Shetland Pony

The Shetland Pony breed is a small, sturdy equine that is popular for its gentle nature and good temperament.

They are often used as children’s ponies and are one of the most popular breeds in the UK.

If you’re considering getting a Shetland Pony, here is everything you need to know about this adorable breed!

Shetland Pony Breed Info

Here are some of the key things you need to know about the Shetland Pony:

Height (size) 9.3 – 10.2 hands high
Colors Most commonly black and dark brown, but many colors are seen in this breed
Country of Origin Shetland Islands (UK)
Common Uses Riding, driving, racing

Shetland Pony Facts & Information (Breed Profile)

Shetland Pony is today one of the most popular ponies in the world, named for the islands where it originated.

The Shetland Islands, which are located in the North Atlantic Ocean off the shore of Scotland’s northern coast, are characterized by sparse vegetation and harsh weather conditions.

The thick hair, long mane, and forelocks were the only things that kept the Shetland Pony protected from the weather for many centuries as it lived out in the open.

History of the Breed

Even though the exact origin of the Shetland pony is unknown, they were probably influenced if not originated from the Celtic pony, brought to the islands as far back as 2000 – 1000 BC.

The inhabitants of the islands most likely eventually crossbred their ponies with the ones brought over by Norse settlers in the 8th and 9th centuries.

The severe environment and lack of food contributed to the ponies’ development into very resilient creatures.

The Shetland Islanders tamed the ponies so they could use them for labor-intensive tasks.

The pony was used to transport peat from the bogs to the houses so that it could be used as a fuel source.

In addition to that, they transported seaweed from the coast to the fields where it was used as fertilizer.

Shetland ponies were also used for pulling carts, as well as for plowing fields.

Shetlands as the ‘Pit Ponies’

The Shetland Pony is widely acknowledged as the world’s most powerful equine in relation to its size.

As a result, when the coal mining industry became widely established in Britain in the 1800s, Shetlands were brought in large numbers to pull coal cars in the ‘pits’.

In the years that followed, a significant number of Shetlands were sent to the United States to work in coal mines there.

The mines were the birthplace and last resting place for many of these horses. Some actually never saw the light of day.

However, by the mid 20th century the mechanization rendered the Shetland ponies obsolete in the mines.

Shetland Ponies Today

The breed organization for the traditional Shetlands around the globe is the Shetland Pony Stud-Book Society.

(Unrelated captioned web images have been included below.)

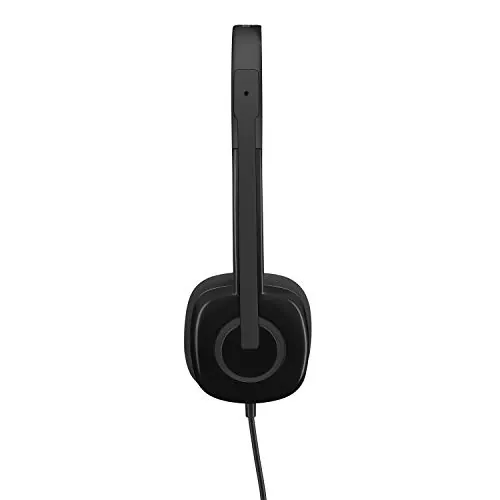 Logitech H151 Wired Headset Review: Budget Call Headset image 3
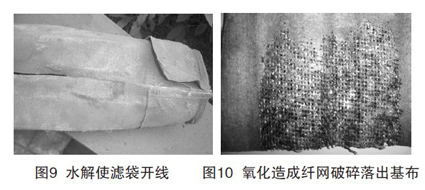 除塵布袋氧化 除塵布袋氧化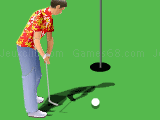 玩 Golf master 3D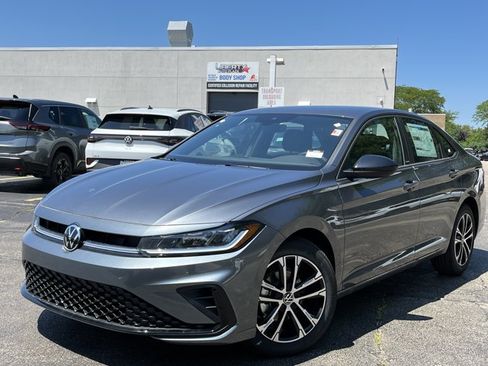 New 2026 Volkswagen Jetta Sport FWD image 20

It was established in 1890 with the goals of preserving purity of the breed, and encouraging the production of high-quality animals.

The Shetland Islands Premium Stallion Scheme was established in 1957 with the purpose of providing financial support to high-quality registered stallions in order to enhance the quality of the breeding stock.

Shetlands are ridden by children today, and are shown at horse shows in harness driving classes by both children and adults.

Young children ride Shetlands for fun, in horse exhibitions, and at stables and riding schools.

They are often found at fairgrounds and provide short rides for visitors.

In addition to this, you may find them in petting zoos, and in certain cases they are used for therapeutic equestrian riding.

Shetland ponies are also used in the Shetland Pony Grand National, which takes place in the United Kingdom.

This event involves young jockeys racing around a racetrack on the backs of the Shetland ponies.

Some Shetland ponies still perform traditional work on the islands, and may be seen carrying peat in big saddlebags.

Peat is plentiful and it is used as a fuel source in Shetland.

Even in the era of advanced mechanization, their robust build and capacity to traverse a range of challenging terrain make them a viable option for this job.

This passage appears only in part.